The County of Siskiyou certified an Environmental Impact Report for a project to expand an existing manufacturing facility to accommodate a cogeneration power plant housed on one acre of a 300-acre site.  Environmental groups claimed the EIR violated CEQA by failing to include adequate project alternatives and failing to fully disclose, analyze, and mitigate the project’s air quality, noise, and water quality impacts.  The appellate court found “no prejudicial defect” in the county’s EIR or the CEQA review process and affirmed the trial court’s denial of the petition.  Mount Shasta Bioregional Ecology Center v. County of Siskiyou (2nd Dist. Filed 9/26/12; pub. Order 10/18/12)

The appellate court recognized minor deficiencies and inaccuracies in the EIR regarding baseline emissions and water usage estimates, but concluded they did not prejudice the environmental review process.  In a detailed opinion, the court considered and rejected plaintiffs’ litany of complaints, categorized below.  

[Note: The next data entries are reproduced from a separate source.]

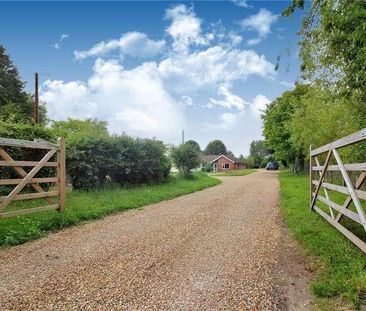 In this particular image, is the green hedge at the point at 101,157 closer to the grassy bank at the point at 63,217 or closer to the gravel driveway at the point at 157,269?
the grassy bank at the point at 63,217

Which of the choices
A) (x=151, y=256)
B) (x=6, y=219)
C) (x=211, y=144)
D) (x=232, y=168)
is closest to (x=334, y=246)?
(x=151, y=256)

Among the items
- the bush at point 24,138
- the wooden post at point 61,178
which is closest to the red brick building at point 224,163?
the bush at point 24,138

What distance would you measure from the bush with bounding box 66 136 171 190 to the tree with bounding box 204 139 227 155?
101 meters

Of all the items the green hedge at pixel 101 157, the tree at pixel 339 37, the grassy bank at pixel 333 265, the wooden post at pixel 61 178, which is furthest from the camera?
the green hedge at pixel 101 157

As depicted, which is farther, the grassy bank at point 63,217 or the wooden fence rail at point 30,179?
the wooden fence rail at point 30,179

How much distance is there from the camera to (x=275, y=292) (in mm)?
4109

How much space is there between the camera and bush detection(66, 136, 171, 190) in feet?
48.3

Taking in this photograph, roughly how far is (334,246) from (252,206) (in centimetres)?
572

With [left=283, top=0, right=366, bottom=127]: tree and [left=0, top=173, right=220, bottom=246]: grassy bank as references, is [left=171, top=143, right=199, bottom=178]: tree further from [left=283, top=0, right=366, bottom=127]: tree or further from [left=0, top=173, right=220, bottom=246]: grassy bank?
[left=283, top=0, right=366, bottom=127]: tree

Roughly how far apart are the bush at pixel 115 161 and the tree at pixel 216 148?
100788 millimetres

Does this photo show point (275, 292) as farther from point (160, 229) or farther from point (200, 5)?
point (200, 5)

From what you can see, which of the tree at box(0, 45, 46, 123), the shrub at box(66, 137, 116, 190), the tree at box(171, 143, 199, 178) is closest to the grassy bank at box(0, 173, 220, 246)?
the shrub at box(66, 137, 116, 190)

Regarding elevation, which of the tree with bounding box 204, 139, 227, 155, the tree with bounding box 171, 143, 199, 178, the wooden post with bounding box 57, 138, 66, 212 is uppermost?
the tree with bounding box 204, 139, 227, 155

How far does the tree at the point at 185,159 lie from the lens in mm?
28547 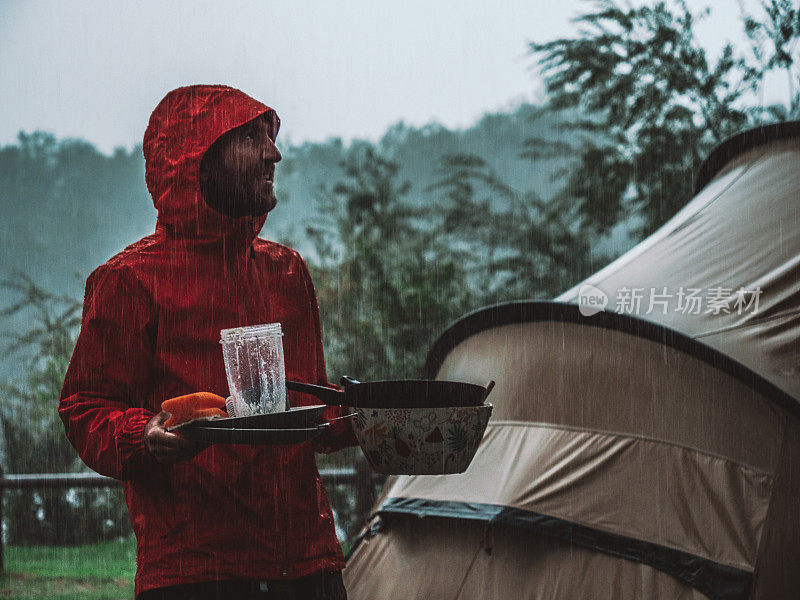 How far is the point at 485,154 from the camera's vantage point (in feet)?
35.6

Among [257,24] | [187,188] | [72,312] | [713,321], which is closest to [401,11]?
[257,24]

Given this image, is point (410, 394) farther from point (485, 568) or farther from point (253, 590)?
point (485, 568)

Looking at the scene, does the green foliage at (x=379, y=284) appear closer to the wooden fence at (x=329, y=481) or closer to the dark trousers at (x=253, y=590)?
the wooden fence at (x=329, y=481)

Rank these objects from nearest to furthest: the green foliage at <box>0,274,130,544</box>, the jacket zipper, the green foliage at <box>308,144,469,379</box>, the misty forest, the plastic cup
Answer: the plastic cup < the jacket zipper < the green foliage at <box>0,274,130,544</box> < the misty forest < the green foliage at <box>308,144,469,379</box>

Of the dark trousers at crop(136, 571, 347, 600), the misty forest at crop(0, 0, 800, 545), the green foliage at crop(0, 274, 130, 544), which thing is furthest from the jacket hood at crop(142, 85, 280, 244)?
the green foliage at crop(0, 274, 130, 544)

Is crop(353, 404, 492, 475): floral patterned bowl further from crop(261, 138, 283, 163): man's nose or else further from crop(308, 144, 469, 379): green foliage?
crop(308, 144, 469, 379): green foliage

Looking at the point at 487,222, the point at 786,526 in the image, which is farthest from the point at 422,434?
the point at 487,222

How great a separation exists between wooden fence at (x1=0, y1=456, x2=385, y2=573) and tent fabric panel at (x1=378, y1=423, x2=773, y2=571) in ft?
6.74

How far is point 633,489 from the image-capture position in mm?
2723

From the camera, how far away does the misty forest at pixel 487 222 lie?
21.6 ft

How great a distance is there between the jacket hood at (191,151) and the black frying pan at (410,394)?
32 cm

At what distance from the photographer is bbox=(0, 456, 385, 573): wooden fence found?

  • Baseline Emissions.  The court rejected plaintiffs’ attempt to argue the EIR’s emissions baseline was inaccurate based on evidence that was not timely submitted and was not properly before the appellate court.  The court also characterized the alleged error as a “small discrepancy” and concluded, “[w]e cannot see on this record how a difference of seven percent between actual and approximate emissions would have precluded informed decisionmaking or informed public participation.” 
  • Water Quality Impacts.  There was “no legal or factual basis . . . to conclude the EIR was deficient” with respect to various alleged water quality impacts.  The DEIR’s possible understatement of overall water usage would not preclude informed decisionmaking or informed public participation and the increased usage would not have a significant environmental impact.
  • Alternatives Analysis.  Plaintiffs were not permitted to “claim the agency failed to present an adequate range of project alternatives and then sit back and force the agency to prove it wrong.” Plaintiffs failed to show how a “missing” alternative identified by plaintiffs would have met the project goals. 
  • Noise Impacts.  Plaintiffs’ contentions regarding the noise impacts and mitigation measures were either invalidly based on a “difference of opinion on the facts” or not based on evidence in the record.
  • Recirculation.  Two noise studies summarized in the draft EIR, but not incorporated in full, were “not the type of new information” requiring recirculation of the EIR, since the studies would “merely clarify or amplify” or make “insignificant modifications in an adequate EIR.” 

Although this decision does not establish new legal principles, the case reinforces the principle of judicial deference to agency analysis and decisionmaking under CEQA and supports the argument that minor deficiencies and inaccuracies in an EIR do not prejudice the environmental review process.